TASK GOAL: The answer is a stretch of the material below, returned exactly: the line containing "Агент по недвижимости", the line containing "BERSIH DESA - Warga", and all lines between.

ENTRIES SHOWN:
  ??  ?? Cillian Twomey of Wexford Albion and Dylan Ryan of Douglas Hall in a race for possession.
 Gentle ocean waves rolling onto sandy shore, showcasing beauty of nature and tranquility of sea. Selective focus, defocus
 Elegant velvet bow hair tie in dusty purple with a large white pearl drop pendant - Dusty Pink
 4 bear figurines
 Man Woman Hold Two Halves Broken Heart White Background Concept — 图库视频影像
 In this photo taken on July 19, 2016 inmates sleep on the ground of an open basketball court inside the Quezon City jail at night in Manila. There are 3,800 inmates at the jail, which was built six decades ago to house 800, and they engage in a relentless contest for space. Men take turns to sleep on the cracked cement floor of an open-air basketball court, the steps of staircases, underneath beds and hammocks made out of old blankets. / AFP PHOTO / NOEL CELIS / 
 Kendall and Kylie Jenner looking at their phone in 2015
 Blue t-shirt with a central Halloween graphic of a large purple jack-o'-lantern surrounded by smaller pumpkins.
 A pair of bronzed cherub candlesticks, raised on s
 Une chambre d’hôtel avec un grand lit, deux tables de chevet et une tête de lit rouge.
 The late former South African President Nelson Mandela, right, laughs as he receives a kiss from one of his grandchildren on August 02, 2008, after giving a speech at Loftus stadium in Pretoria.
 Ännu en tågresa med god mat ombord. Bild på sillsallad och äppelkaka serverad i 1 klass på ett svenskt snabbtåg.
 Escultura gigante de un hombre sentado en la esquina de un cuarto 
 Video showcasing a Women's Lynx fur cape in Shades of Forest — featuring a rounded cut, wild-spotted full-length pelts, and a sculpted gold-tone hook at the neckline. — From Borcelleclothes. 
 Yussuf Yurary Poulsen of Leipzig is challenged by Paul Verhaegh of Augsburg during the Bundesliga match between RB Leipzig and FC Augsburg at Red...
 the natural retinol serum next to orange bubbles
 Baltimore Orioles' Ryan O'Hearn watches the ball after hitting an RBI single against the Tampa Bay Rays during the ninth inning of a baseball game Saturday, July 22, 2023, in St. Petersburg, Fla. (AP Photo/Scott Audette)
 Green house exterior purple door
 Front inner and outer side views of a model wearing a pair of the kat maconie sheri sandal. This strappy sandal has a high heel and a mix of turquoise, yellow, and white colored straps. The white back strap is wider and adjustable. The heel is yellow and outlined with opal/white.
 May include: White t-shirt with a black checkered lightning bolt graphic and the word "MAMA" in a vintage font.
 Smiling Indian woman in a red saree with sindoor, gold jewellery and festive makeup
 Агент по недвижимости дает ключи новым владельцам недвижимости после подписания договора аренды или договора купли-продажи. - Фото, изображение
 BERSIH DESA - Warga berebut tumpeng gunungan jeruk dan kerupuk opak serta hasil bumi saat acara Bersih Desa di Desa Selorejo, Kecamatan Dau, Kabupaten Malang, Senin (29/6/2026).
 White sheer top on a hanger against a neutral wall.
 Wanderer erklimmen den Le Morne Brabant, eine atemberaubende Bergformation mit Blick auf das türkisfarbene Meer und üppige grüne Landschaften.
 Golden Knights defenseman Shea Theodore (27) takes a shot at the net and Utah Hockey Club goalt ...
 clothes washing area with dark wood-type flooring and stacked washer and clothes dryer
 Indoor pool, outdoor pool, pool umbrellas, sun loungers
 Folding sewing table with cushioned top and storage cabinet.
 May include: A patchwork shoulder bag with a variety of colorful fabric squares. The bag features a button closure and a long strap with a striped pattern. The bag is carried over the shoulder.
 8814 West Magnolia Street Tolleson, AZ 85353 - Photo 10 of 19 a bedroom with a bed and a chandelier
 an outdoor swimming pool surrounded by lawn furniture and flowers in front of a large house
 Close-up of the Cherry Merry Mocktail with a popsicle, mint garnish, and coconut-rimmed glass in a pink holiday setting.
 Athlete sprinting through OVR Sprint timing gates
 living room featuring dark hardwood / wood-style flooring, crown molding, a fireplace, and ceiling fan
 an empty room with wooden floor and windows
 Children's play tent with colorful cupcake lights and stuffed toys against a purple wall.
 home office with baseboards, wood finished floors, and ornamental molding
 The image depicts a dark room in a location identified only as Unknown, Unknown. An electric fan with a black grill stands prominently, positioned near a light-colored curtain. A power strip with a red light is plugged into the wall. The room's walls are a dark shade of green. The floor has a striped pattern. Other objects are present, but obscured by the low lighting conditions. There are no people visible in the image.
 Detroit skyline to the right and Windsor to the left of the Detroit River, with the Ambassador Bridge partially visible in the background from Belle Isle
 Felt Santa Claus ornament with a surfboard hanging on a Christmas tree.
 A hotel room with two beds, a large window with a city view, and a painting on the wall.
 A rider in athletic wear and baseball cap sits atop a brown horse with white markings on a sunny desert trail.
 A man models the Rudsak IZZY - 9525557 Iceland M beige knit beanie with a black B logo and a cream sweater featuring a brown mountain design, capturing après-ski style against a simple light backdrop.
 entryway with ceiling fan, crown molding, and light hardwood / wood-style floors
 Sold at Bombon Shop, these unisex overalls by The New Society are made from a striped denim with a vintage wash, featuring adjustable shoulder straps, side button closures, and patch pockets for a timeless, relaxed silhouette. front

SOLUTION TO THIS EXERCISE:
 Агент по недвижимости дает ключи новым владельцам недвижимости после подписания договора аренды или договора купли-продажи. - Фото, изображение
 BERSIH DESA - Warga berebut tumpeng gunungan jeruk dan kerupuk opak serta hasil bumi saat acara Bersih Desa di Desa Selorejo, Kecamatan Dau, Kabupaten Malang, Senin (29/6/2026).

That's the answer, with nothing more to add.